The team is short on big names and big-time experience, with seven of their squad making their debuts in a world event.
“There’s not much expectation,” admits captain Temba Bavuma, himself a World Cup debutant.
However, he quickly adds that he is talking about external perceptions rather than in the team room where, he says “we have a certain level of expectation”.
Bavuma says there is a quiet confidence in a team notably missing T20 stars such as AB de Villiers, who confirmed his retirement from international cricket earlier in the year, and former captain Faf du Plessis, who was available but not selected.
“We have had some positive results which are good for our confidence,” said Bavuma. “We have done our work as a collective.”

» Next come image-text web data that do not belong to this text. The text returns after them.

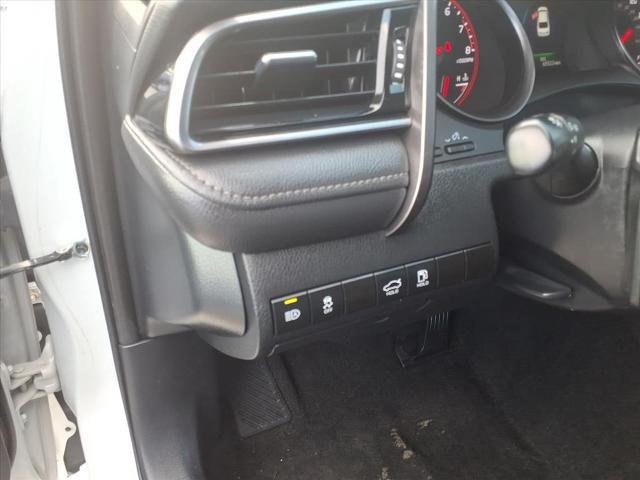 2024 Toyota Camry - $25,991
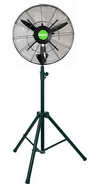 spruehventilator_stativ_4_d-small.gif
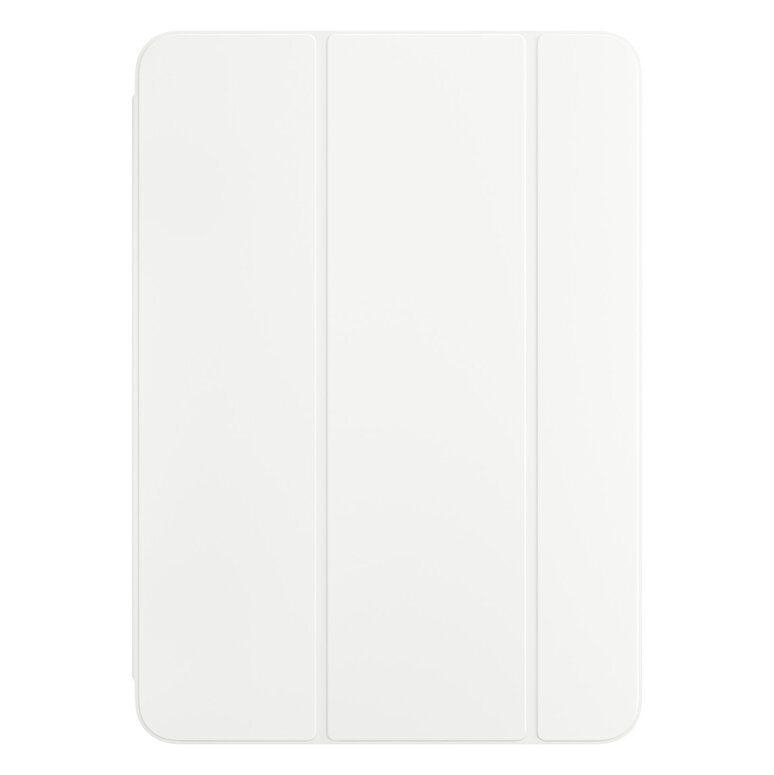 11 inç iPad Pro (M4) için Smart Folio - Beyaz MW973ZM/A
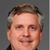 Don Teemsma's profile image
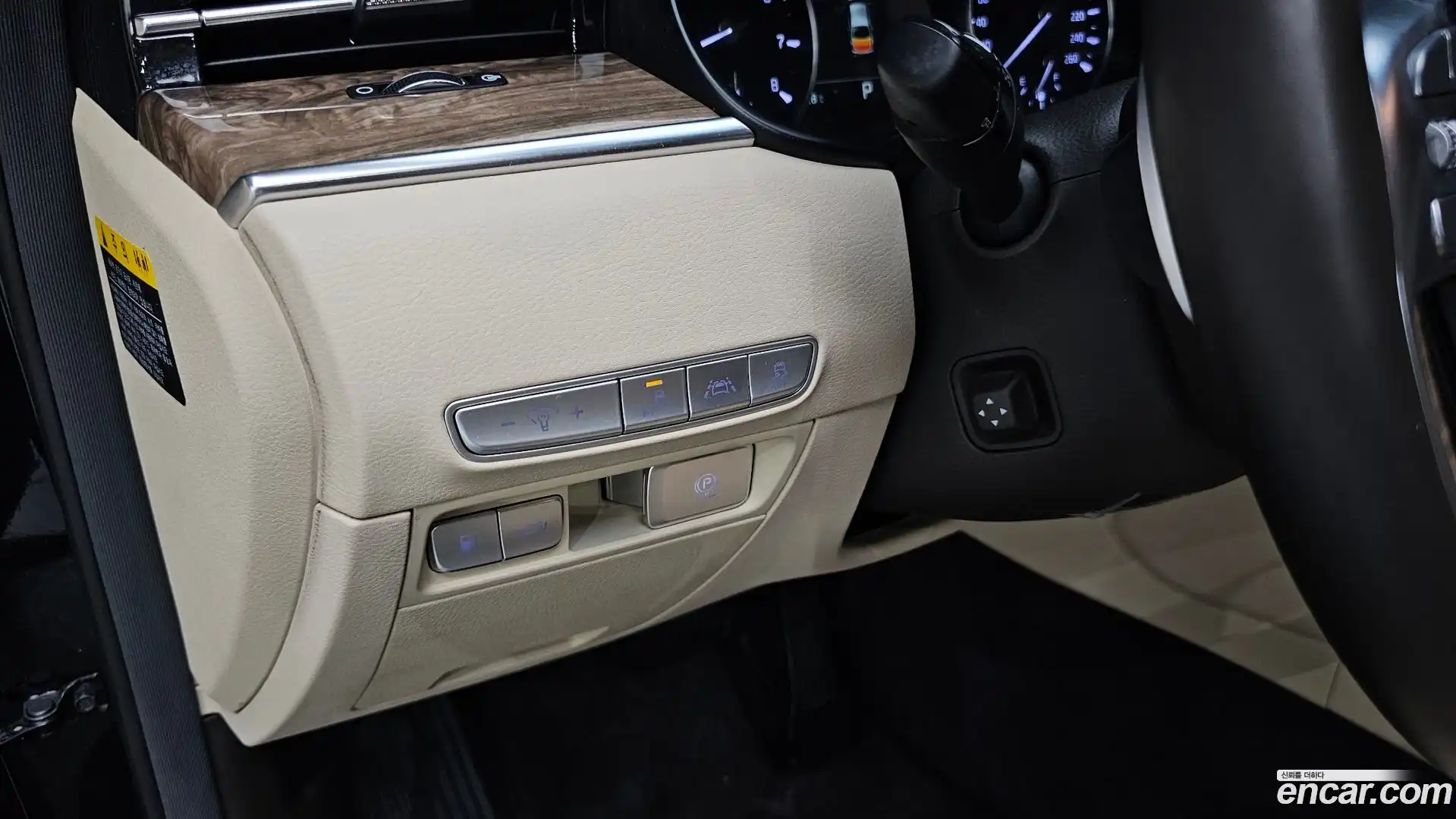 K9 Kia 2018.7-OPTION-022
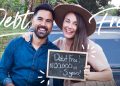 TIme and Money In Marriage
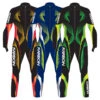 Karbon Adult Defender GS Suit 1 Karbon Adult Defender GS Suit -Race Place Ski Shop 22 Karbon Defender GS Suits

Those good results include a current streak of a South African record-equalling seven successive T20 international wins, encompassing series victories against T20 World Cup champions West Indies, Ireland and Sri Lanka – all achieved away from home.
Unusually, South Africa’s success has been built on accurate spin bowling, a major departure for a country long known for its battery of fast bowlers, but likely to be a positive on the slow pitches expected in the United Arab Emirates.
South Africa started each match in Sri Lanka in September with three slow left-arm bowlers — Tabraiz Shamsi, Bjorn Fortuin and Keshav Maharaj — and also made use of the right-arm off-spin of top-order batsman Aiden Markram.
The slow men collectively claimed 16 of the 22 Sri Lankan wickets that fell to bowlers.
South Africa’s batting, though, shapes up as a problem with the form of Quinton de Kock seemingly key to the side’s fortunes.
De Kock’s form dipped during an unsuccessful stint as captain in all three international formats, leading him to take a “mental health break” after a disappointing tour of Pakistan in January and February.
But the left-handed opener has been back to his best since coming back without the burden of captaincy.
His total of 455 runs over the past three series is 196 more than the next highest-scorer, fellow opener Reeza Hendricks.
Seven of South Africa’s nine wins in the past three series have come after batting first and posting relatively modest totals, ranging from 159 to 189, with the latter total coming against lowly-ranked Ireland.
Bavuma will be hoping to break a long-running history of failure at ICC events since the country won the ICC Knock-Out Trophy, forerunner of the Champions Trophy, in 1998.
Since then they have played in 19 tournaments, reaching the semi-finals nine times without going on to a final.
South Africa’s solitary recent success was at Under-19 level when Markram led a side which included fast bowler Kagiso Rabada to victory in the 2014 junior event, also in the United Arab Emirates.
“At the time there wasn’t a lot of media exposure. There was a lot less pressure on the players,” said Markram, who believes the current side are mentally equipped to deal with pressure.
“We’re not bringing too much baggage into this World Cup. Everyone here is pretty free-spirited.”
Low public expectations could work in the favour of Bavuma’s team – but the pressure will be ramped up if South Africa reach the knock-out stage.